But what is a hit on the Croisette is sometimes a blip back home. As the glow of Cannes fades, here are the films from the festival that may sustain the buzz they earned on the Riviera:
Todd Haynes' Carol is grippingly contemporary despite the lushness of its period drama. Based on the 1952 Patricia Highsmith novel The Price of Salt, the film stars Blanchett and Rooney Mara as two women who are intractably drawn together, but who must cloak their budding romance in disguised gestures and subtle glances.
Moviegoers who see Audiard's Dheepan will have a choice between siding with Cannes critics or the Coen brothers. Though many Cannes scribes didn't embrace the French filmmaker's latest as warmly as his previous efforts, the jury led by Joel and Ethan Coen surprisingly picked Dheepan for the Palme d'Or.
Outside of the festival, Dheepan may resonate better for its tale of Sri Lankan refugees posing as a family in order to gain asylum in France.

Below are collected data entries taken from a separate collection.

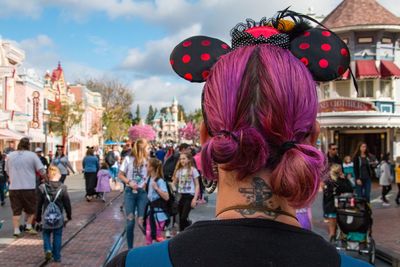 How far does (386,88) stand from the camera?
25.8 metres

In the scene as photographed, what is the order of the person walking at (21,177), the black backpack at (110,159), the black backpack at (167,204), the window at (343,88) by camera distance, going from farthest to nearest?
the window at (343,88), the black backpack at (110,159), the person walking at (21,177), the black backpack at (167,204)

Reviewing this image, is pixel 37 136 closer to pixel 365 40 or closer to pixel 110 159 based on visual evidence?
pixel 110 159

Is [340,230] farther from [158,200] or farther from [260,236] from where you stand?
[260,236]

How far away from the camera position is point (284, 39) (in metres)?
1.45

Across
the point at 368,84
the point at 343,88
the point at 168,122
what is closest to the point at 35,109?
the point at 343,88

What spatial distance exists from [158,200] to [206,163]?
23.0 ft

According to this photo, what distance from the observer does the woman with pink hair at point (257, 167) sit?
1179mm

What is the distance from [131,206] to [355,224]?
128 inches

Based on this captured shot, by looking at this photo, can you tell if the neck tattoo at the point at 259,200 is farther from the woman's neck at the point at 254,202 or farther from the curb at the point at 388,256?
the curb at the point at 388,256

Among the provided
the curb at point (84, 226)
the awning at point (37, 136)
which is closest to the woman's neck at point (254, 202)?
the curb at point (84, 226)

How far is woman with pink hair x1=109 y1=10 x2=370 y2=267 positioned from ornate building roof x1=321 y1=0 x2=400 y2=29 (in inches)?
1004

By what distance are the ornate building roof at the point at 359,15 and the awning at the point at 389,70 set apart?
1.96 meters

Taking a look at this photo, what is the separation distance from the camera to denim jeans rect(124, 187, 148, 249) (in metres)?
7.71

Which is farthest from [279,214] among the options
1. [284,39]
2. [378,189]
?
[378,189] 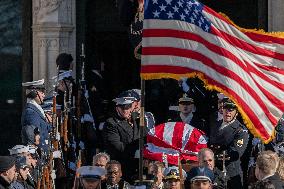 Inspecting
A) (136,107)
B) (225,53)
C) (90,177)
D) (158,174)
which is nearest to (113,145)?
(136,107)

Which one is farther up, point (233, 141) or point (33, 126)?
point (33, 126)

Cannes isn't known for its genre thrills. But just as the cinematic horror hit It Follows drew raves at the festival last year, The Green Room, by Jeremy Saulnier, should be marked by thriller fans. In his second film following the lean revenge film Blue Ruin, Saulnier steps confidently into a bigger production, co-starring Patrick Stewart, about a touring hardcore punk band that runs into trouble at a backwoods gig for Neo-Nazi skinheads.